(Supplied data)

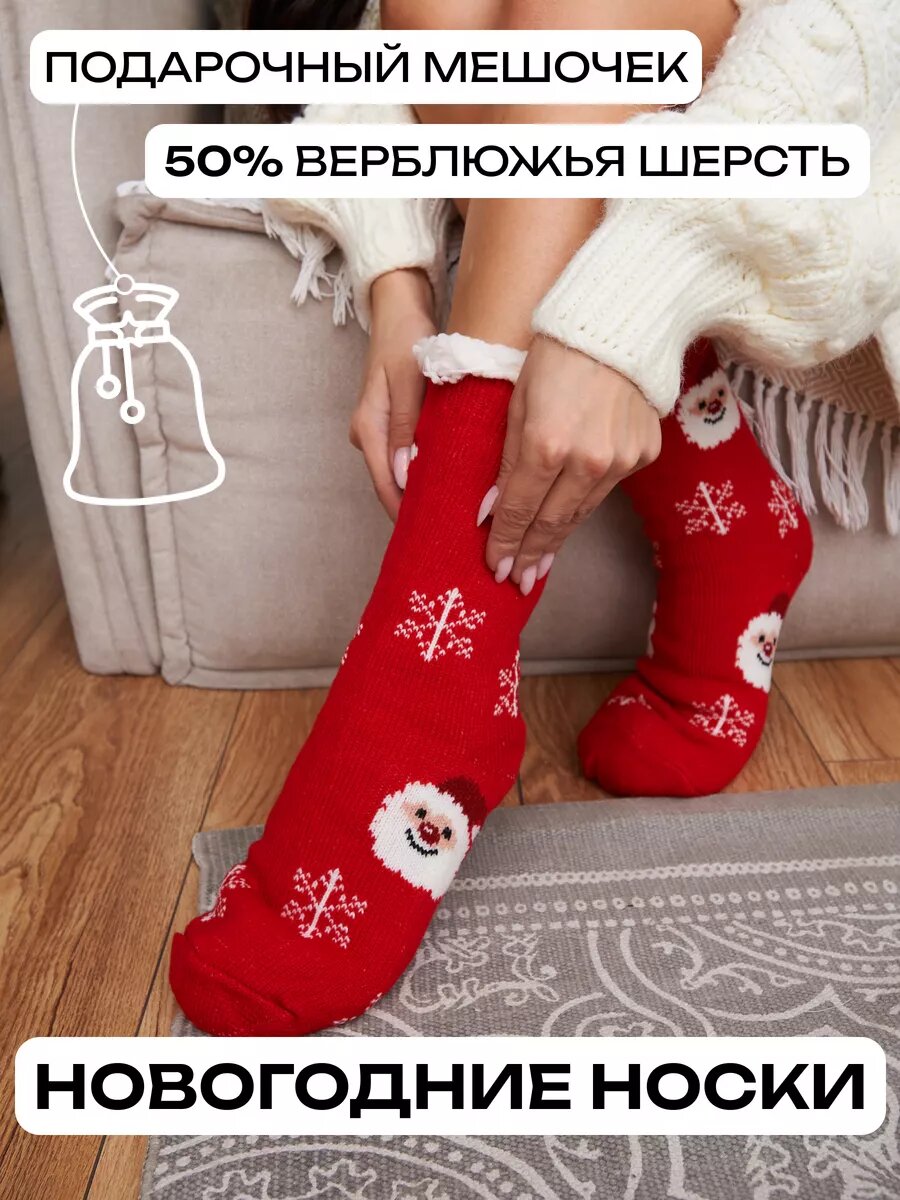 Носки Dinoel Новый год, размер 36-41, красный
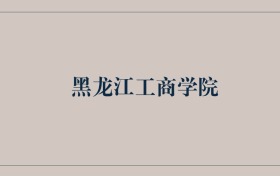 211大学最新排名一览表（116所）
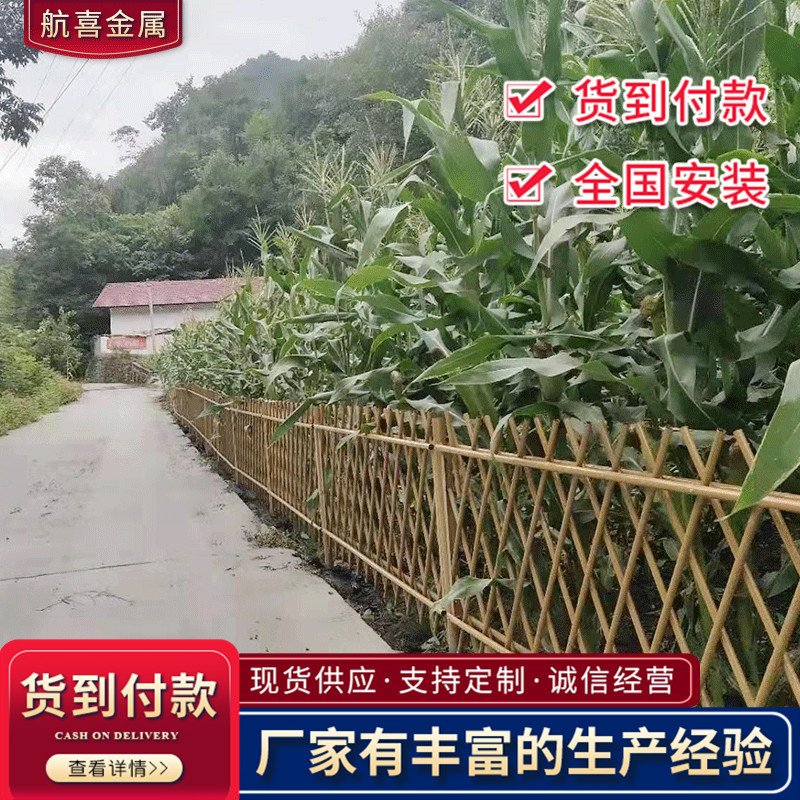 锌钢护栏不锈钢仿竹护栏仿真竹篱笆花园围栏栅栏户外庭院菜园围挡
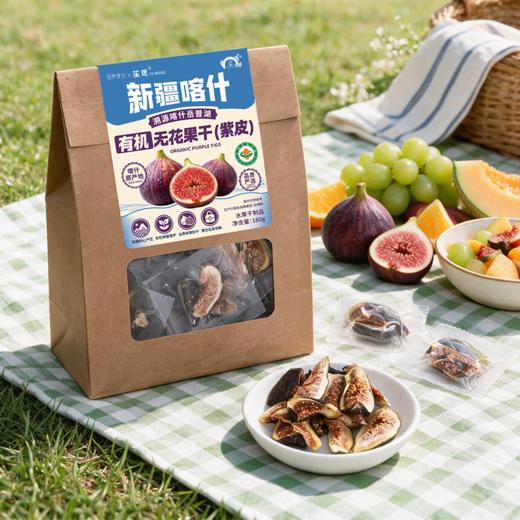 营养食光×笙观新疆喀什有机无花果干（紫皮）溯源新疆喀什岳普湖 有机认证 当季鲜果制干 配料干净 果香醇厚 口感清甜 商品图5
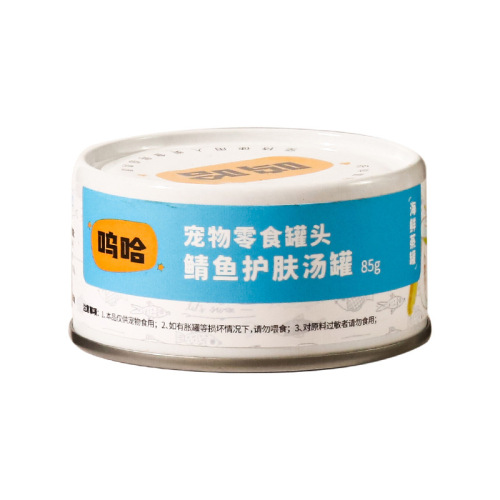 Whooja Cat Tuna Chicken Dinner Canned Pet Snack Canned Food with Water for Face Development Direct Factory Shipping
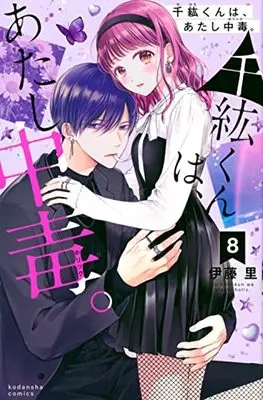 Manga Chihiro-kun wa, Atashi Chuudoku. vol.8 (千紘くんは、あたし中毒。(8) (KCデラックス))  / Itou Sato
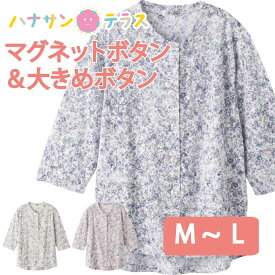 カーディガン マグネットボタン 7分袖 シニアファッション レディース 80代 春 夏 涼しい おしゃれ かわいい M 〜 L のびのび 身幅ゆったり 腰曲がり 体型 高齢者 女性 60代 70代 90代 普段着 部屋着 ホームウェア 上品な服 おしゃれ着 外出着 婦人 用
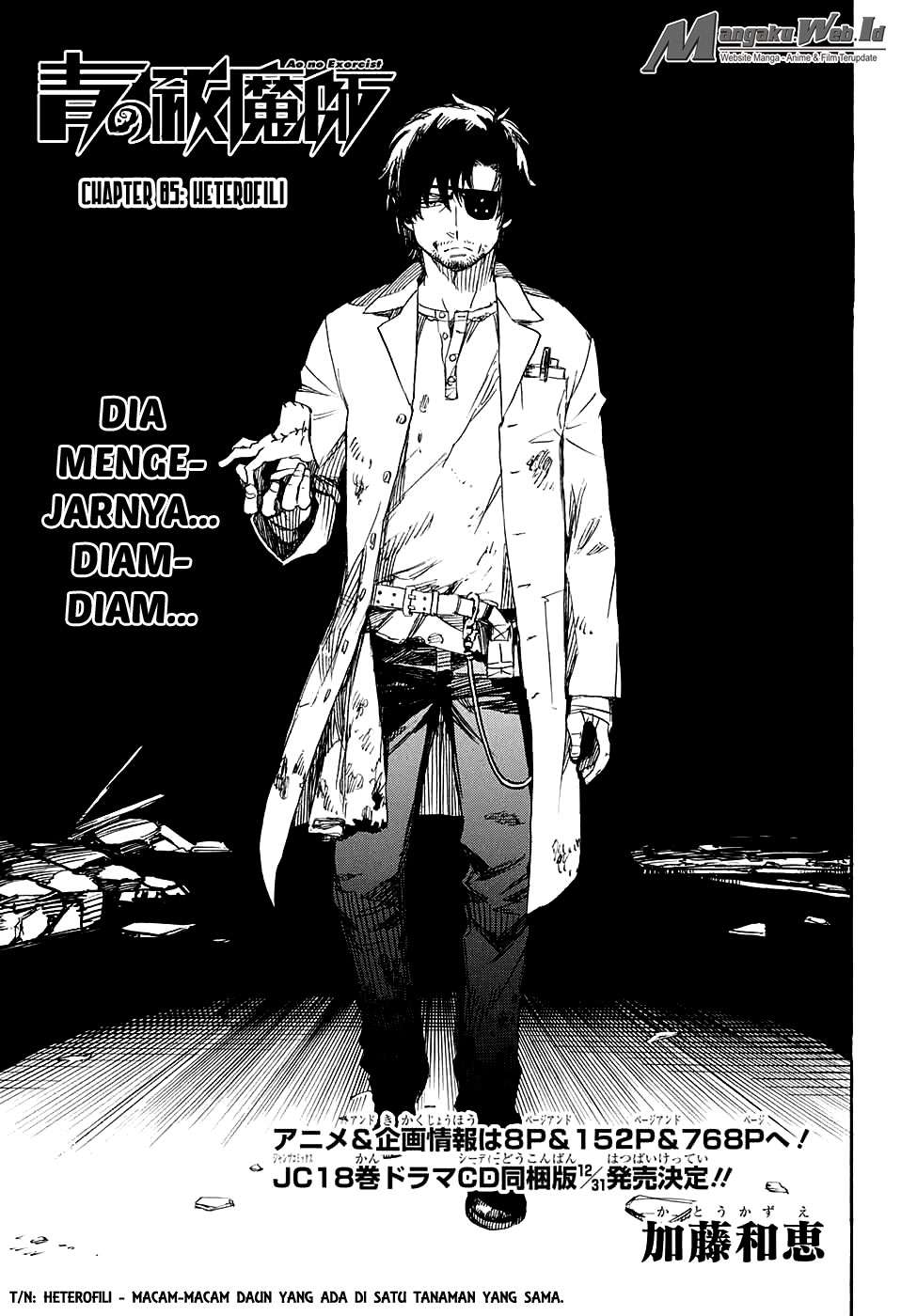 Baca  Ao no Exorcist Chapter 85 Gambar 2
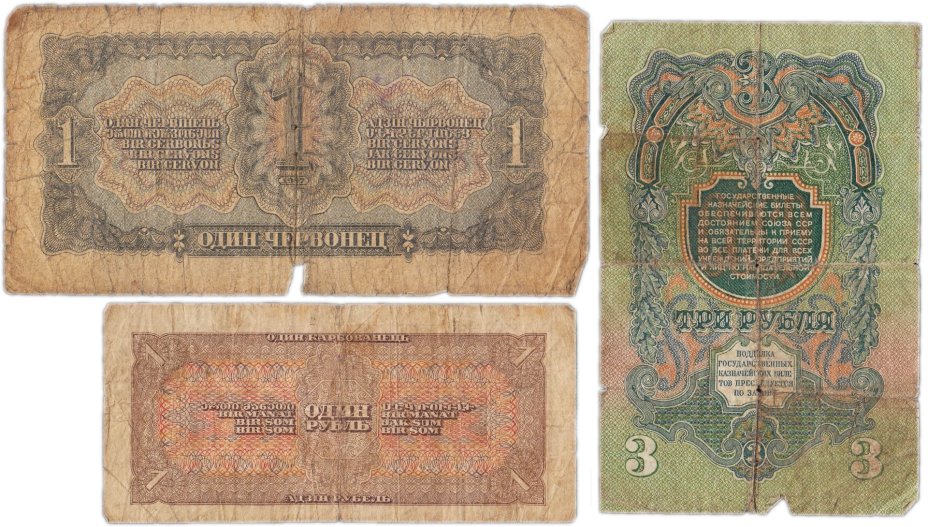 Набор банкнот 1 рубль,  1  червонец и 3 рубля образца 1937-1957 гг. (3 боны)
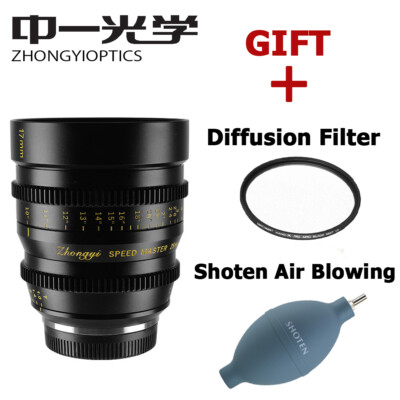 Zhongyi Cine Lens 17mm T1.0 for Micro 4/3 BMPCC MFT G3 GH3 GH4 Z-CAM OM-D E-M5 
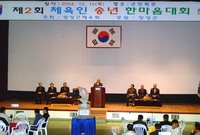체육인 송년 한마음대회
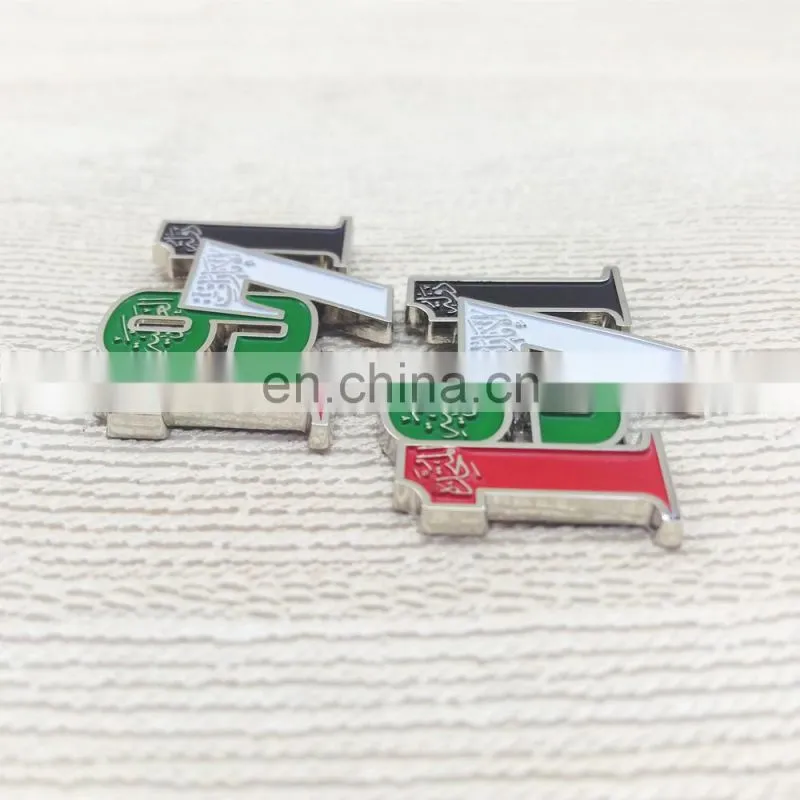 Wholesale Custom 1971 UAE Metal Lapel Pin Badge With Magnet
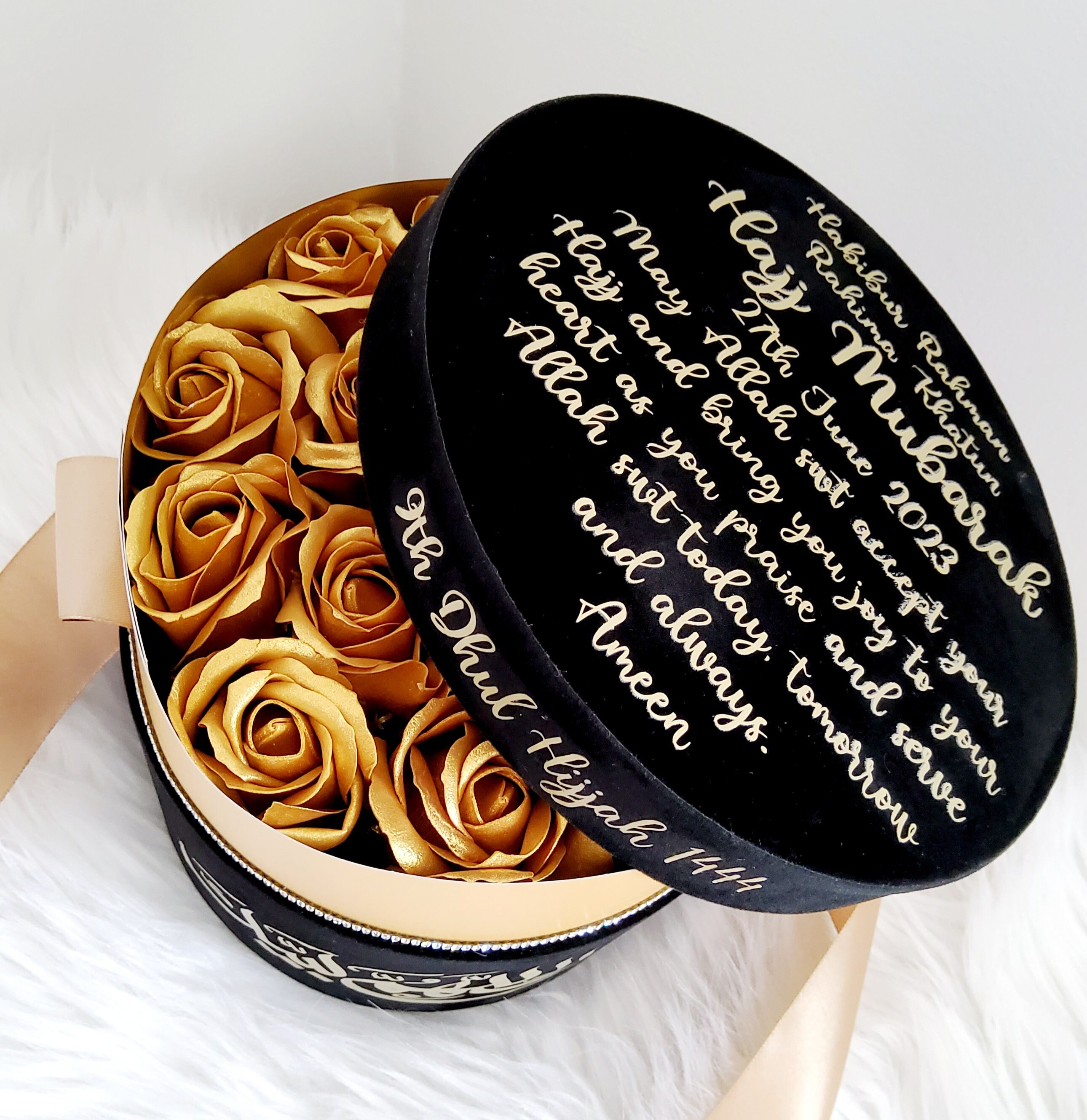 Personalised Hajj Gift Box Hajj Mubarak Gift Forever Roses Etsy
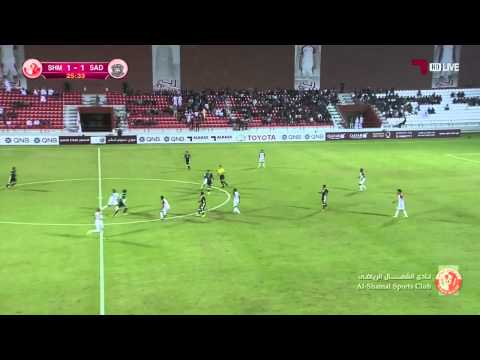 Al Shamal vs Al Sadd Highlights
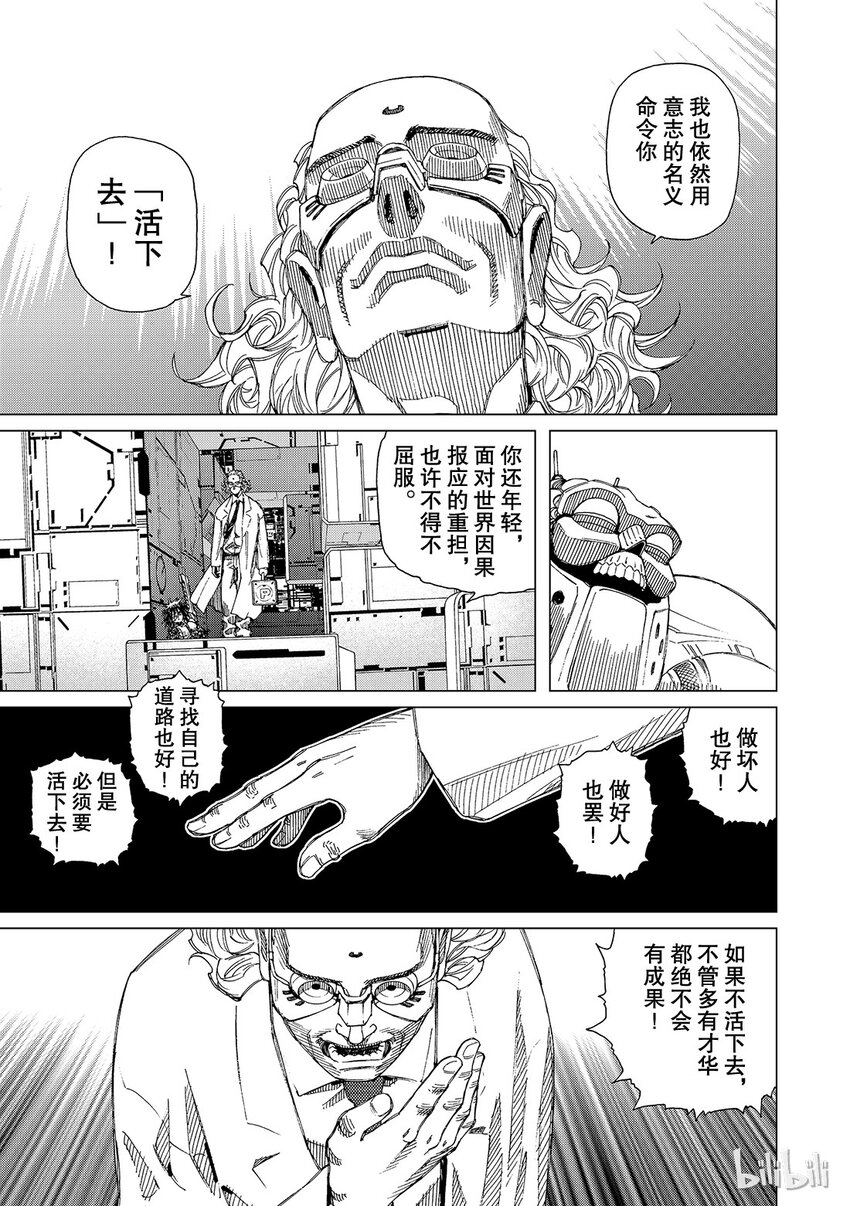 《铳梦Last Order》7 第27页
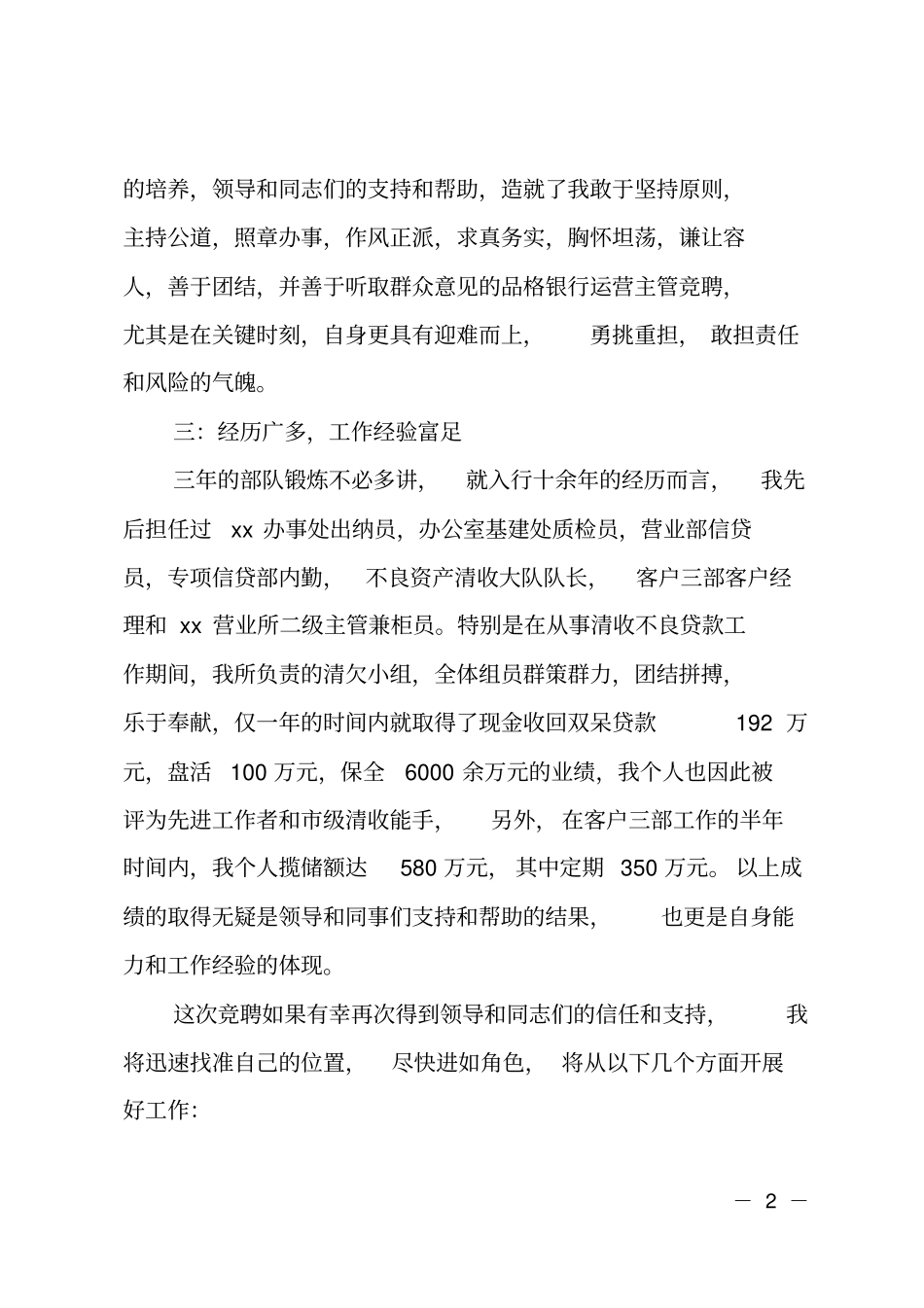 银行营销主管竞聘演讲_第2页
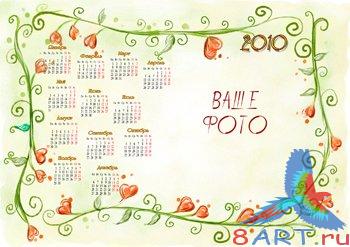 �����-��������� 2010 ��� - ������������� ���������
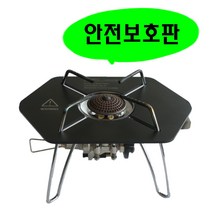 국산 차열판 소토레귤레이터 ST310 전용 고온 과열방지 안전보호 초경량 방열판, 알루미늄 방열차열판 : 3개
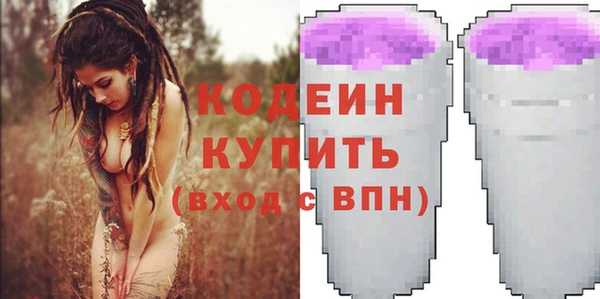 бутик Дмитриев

(End Supplied data)

Task directions:
Return exactly the lines from the line with "Manga Chihiro-kun wa, Atashi" through the last line of the data above, both included; pictures do not go in the answer.

Exercise solution:
 Manga Chihiro-kun wa, Atashi Chuudoku. vol.8 (千紘くんは、あたし中毒。(8) (KCデラックス))  / Itou Sato
 カーディガン マグネットボタン 7分袖 シニアファッション レディース 80代 春 夏 涼しい おしゃれ かわいい M 〜 L のびのび 身幅ゆったり 腰曲がり 体型 高齢者 女性 60代 70代 90代 普段着 部屋着 ホームウェア 上品な服 おしゃれ着 外出着 婦人 用
 Baca  Ao no Exorcist Chapter 85 Gambar 2
 Набор банкнот 1 рубль,  1  червонец и 3 рубля образца 1937-1957 гг. (3 боны)
 Zhongyi Cine Lens 17mm T1.0 for Micro 4/3 BMPCC MFT G3 GH3 GH4 Z-CAM OM-D E-M5 
체육인 송년 한마음대회
 Wholesale Custom 1971 UAE Metal Lapel Pin Badge With Magnet
 Personalised Hajj Gift Box Hajj Mubarak Gift Forever Roses Etsy
 Al Shamal vs Al Sadd Highlights
 《铳梦Last Order》7 第27页
 银行营销主管竞聘演讲_第2页
 �����-��������� 2010 ��� - ������������� ���������
 국산 차열판 소토레귤레이터 ST310 전용 고온 과열방지 안전보호 초경량 방열판, 알루미늄 방열차열판 : 3개
 бутик Дмитриев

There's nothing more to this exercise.